Relational Breaks Encapsulation

See ObjectRelationalImpedanceMismatch.

JeffGrigg asserted the problem in the title. Here are the original arguments:

Here are the main strengths of Object Oriented Programming and Relational Databases:

The two are incompatible: If you wish to leverage the full declarative non-procedural power of SQL queries, you have to give up the encapsulation and maintainability of business objects. If you want to enjoy the benefits of maintainable business objects with properly encapsulated state, you have to restrict your use of SQL queries.
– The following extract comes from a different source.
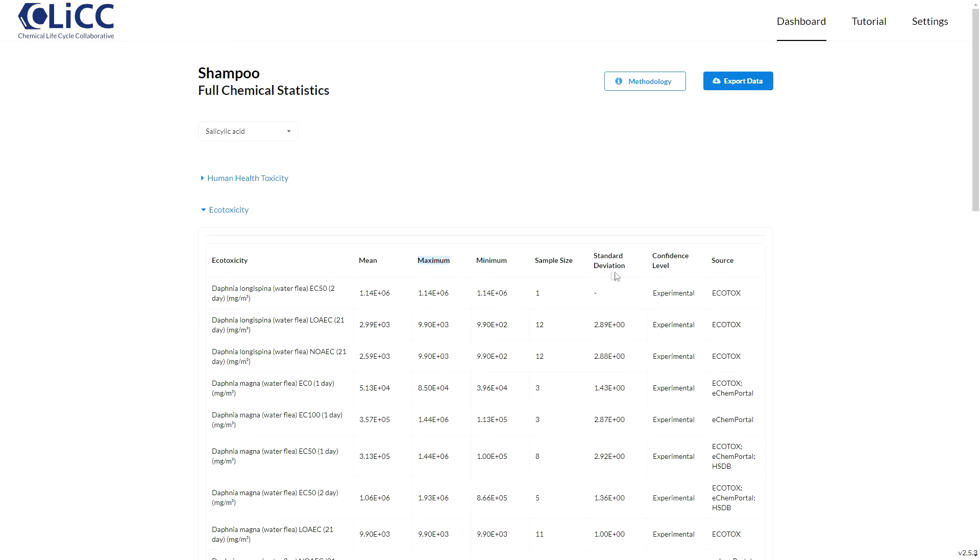The confidence level tells you whether the value is an experimental result, or it will display the model confidence if the value is a modeled estimate. If you're interested in more details, check out the PDF tutorials on the tutorial page, or look at the links in this video's description.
Consider a simple case of an OO program that uses a relational database to persist object state. Let's assume the simplest possible mapping: Each business class is one relational table and each instance is one row. Now, write a SELECT statement that joins two tables and fetches half the columns from each: How can you represent the results as business objects? Really, you can't: Not only does this one SELECT statement violate the encapsulation of two business classes, it fails to fetch sufficient data to create a single instance of either class. You can't make the transition from this database result set to any sensible collection of business objects without reading more data from the database, or doing something really tricky.

Generally speaking? Arbitrary SQL queries violate object identity and encapsulation.
More precisely, mixing object access with direct SQL access results in chaos. Don't do it. All access must be through the objects. The collection classes accessing the database can manage integrity, as long as nobody is coming in through the side door and munging things.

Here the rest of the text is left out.